Give, but be smart about it

This is a perfect example of why I don’t give money to big charities.  In this case, well-meaning Catholics have had their donations diverted to causes that are in direct opposition to their Christian beliefs.  They blindly write checks and put money in collection envelopes every Sunday, having faith that the money is being sent to where it can really help.  Little did they know some of it was being siphoned off to fund the nightmare called ACORN.  Even worse, if that’s possible, is that it was being done by the U.S. Conference of Catholic Bishops.

I give locally, to small, specific causes.  My dad’s local VFW group hosts free-will soup dinners and uses their proceeds to offer small scholarships to local students.  Various pancake and sausage breakfasts support local clubs like the Lions, who do similar good deeds within the community.  Fund-raisers for sports clubs and school marching bands help them pay for uniforms and instruments.  Food you donate to food pantries stays in the area, as does clothing donated to the Salvation Army.  Even if you don’t have money to give, maybe you’ve got some free time to visit and read to the elderly.  Big Brother/Sister is always looking for people to give their time.  All of these are ways you can give your time or money and not only KNOW where it’s being spent, but also hopefully get to see the positive effect you’ve had.

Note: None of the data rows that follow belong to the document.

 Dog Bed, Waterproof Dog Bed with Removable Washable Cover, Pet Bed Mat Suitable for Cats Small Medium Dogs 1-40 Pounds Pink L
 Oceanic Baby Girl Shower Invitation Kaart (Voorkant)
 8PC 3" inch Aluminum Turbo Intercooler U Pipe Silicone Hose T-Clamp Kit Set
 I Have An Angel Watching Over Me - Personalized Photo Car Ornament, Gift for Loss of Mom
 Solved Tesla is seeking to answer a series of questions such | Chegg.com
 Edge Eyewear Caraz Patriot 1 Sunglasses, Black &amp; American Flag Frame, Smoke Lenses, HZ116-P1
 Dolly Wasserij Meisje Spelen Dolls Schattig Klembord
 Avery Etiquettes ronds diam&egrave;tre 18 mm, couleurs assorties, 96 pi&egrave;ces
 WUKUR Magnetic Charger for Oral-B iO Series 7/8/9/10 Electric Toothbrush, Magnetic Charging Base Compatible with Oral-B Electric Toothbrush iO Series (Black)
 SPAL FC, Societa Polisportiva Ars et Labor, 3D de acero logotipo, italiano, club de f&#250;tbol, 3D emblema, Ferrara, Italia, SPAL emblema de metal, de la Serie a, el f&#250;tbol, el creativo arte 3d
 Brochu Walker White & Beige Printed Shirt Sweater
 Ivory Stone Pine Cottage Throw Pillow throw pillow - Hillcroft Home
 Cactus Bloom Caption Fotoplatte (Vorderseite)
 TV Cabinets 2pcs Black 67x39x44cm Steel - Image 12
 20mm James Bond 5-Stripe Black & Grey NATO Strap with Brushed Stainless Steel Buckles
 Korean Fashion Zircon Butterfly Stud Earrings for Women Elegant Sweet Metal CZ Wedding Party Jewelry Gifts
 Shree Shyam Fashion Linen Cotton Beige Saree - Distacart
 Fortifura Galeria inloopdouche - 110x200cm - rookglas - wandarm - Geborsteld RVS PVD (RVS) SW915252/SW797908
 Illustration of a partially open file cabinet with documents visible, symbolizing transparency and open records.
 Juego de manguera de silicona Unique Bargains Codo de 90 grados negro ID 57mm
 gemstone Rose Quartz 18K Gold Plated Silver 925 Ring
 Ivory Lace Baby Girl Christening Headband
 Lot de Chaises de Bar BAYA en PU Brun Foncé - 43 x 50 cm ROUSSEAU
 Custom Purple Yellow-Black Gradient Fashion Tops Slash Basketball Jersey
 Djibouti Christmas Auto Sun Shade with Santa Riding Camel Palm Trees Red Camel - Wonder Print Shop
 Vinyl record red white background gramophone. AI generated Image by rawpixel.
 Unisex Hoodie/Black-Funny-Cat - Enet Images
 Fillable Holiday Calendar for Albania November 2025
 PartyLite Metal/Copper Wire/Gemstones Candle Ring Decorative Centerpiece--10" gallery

One thought on “Give, but be smart about it”

  1. Our second collection that weekend at St. Rose is going to the local Catholic Charities food pantry instead. Like you say, there are plenty of good local places to give money and time; there’s no need for these big clearinghouses that collect money, run it through a bureaucracy, and distribute the remainder back out to charities you’ve never heard of. That doesn’t even fit the Catholic concept of subsidiarity, aside from the issue of the bad groups the CCHD has been supporting.